What you should do
The required result is an exact copy of every line from the one with "Russian Orthodox Cathedral" through the last line below, with the pictures left out.

Data block
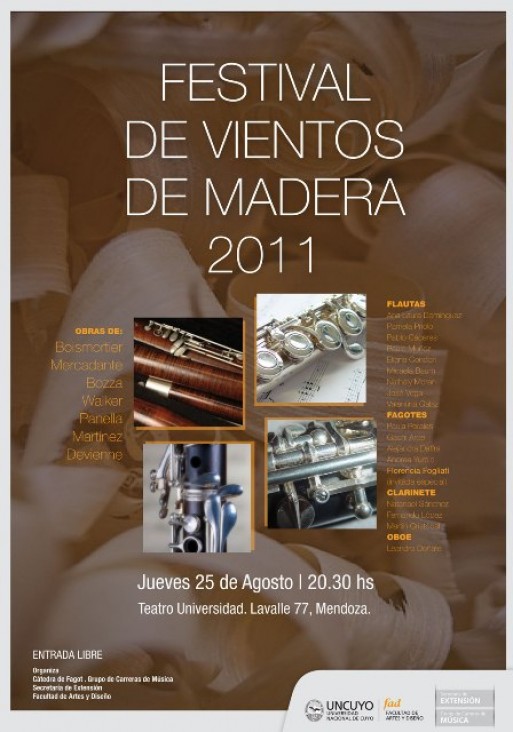 imagen Festival de Vientos de Madera en el Teatro Universidad  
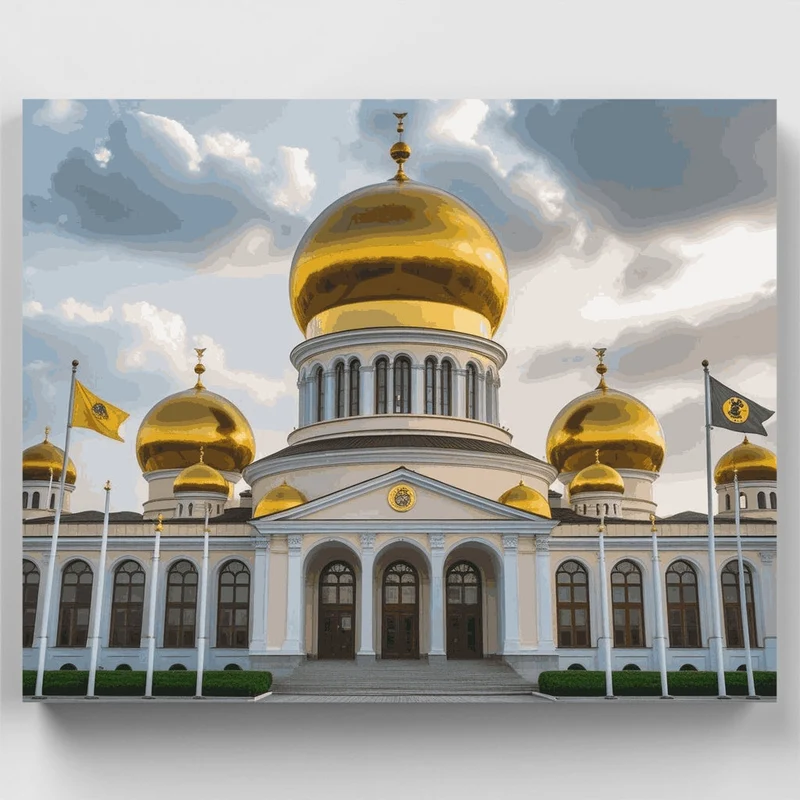 Russian Orthodox Cathedral - Paint by Numbers Kit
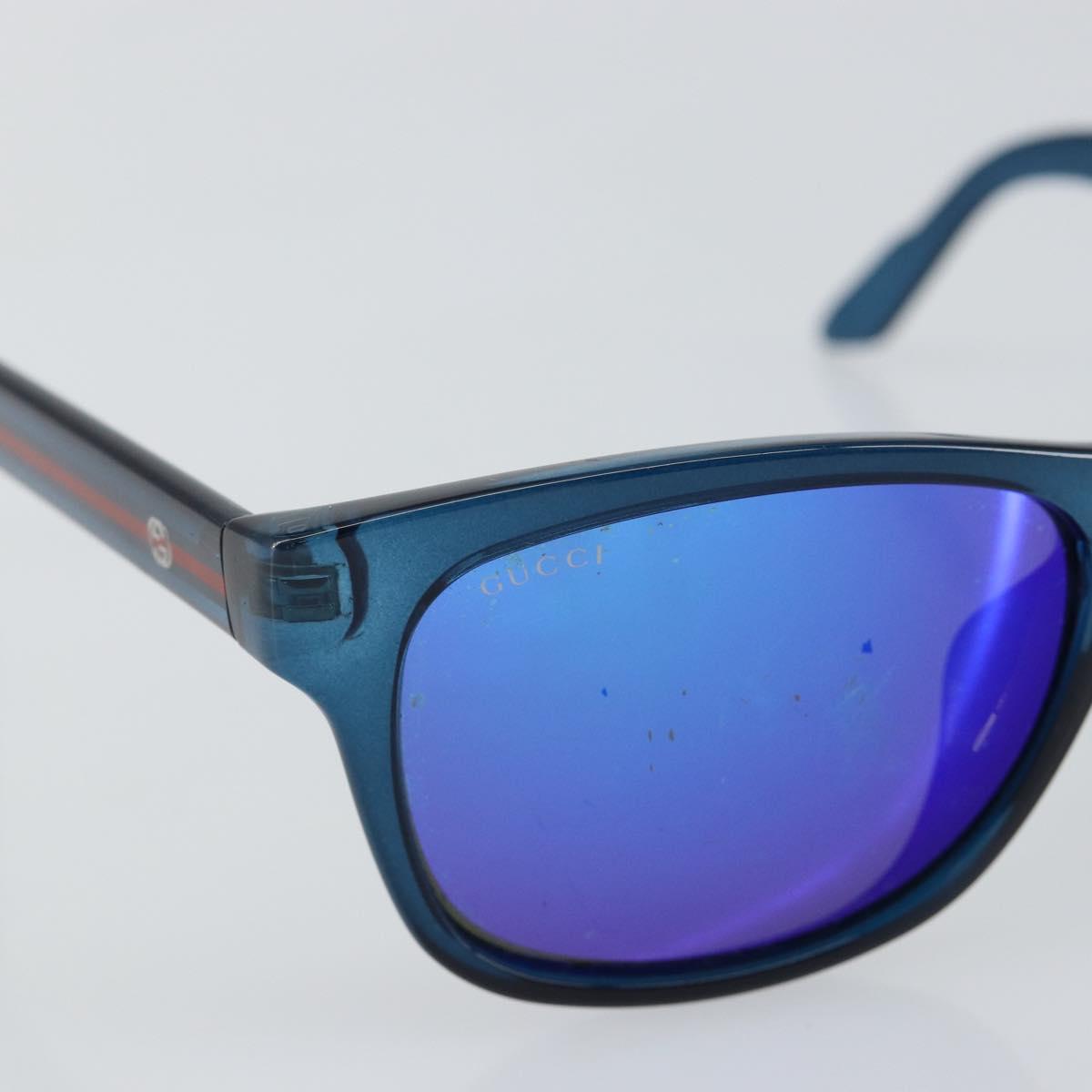 GUCCI Sunglasses Plastic Blue Auth SW1674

Output of the exercise
 Russian Orthodox Cathedral - Paint by Numbers Kit
 GUCCI Sunglasses Plastic Blue Auth SW1674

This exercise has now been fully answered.